La forge, voisine de l’estaminet de l’Épi-Scié, était tout allumée, et un ouvrier attendait.

On sait comment étaient fabriqués ces gantelets pleins que nous nommons des brassards. La carapace des crustacés dut en fournir la première idée. M. Bruneau, dont Edmée ne soupçonnait pas l’habileté, démonta la pièce en un tour de main et l’ouvrit comme on dépèce un homard. Le forgeron avait préparé trois séries ou franges, formées de tiges aiguisées. M. Bruneau les riva à l’intérieur en tournant leurs pointes libres, inclinées légèrement, par rapport au plan des anneaux, vers la poignée du gantelet.

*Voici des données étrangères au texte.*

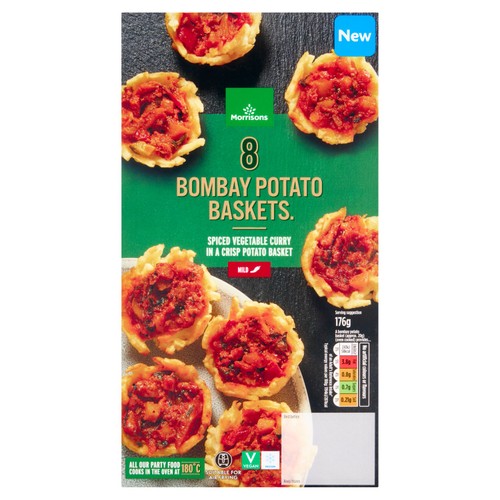 Morrisons 8 Bombay Potato Baskets 176g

Puis il remonta la pièce aussi lestement qu’il l’avait désarticulée.

Ce fut tout. Nous savons comme Edmée et lui se séparèrent.

Edmée allait d’un pas pénible et las, suivant le trottoir méridional du boulevard. Elle n’éprouvait point de frayeur dans cette solitude. L’accès de fièvre était venu. Elle se sentait la tête vide et cherchait a saisir de vagues pensées qui semblaient se jouer d’elle.

À la hauteur du Café turc, un homme la croisa. C’est à peine si elle fit attention à lui.

Il n’en fut pas de même de l’homme par rapport à elle. Aussitôt qu’il l’eut dépassée, il fit un geste de vif étonnement et s’arrêta court, la regardant s’éloigner.

Cet homme semblait entre deux âges. Il était vêtu d’un vaste paletot dont le collet se relevait jusqu’à ses oreilles. Il avait de larges favoris noirs et des lunettes bleues.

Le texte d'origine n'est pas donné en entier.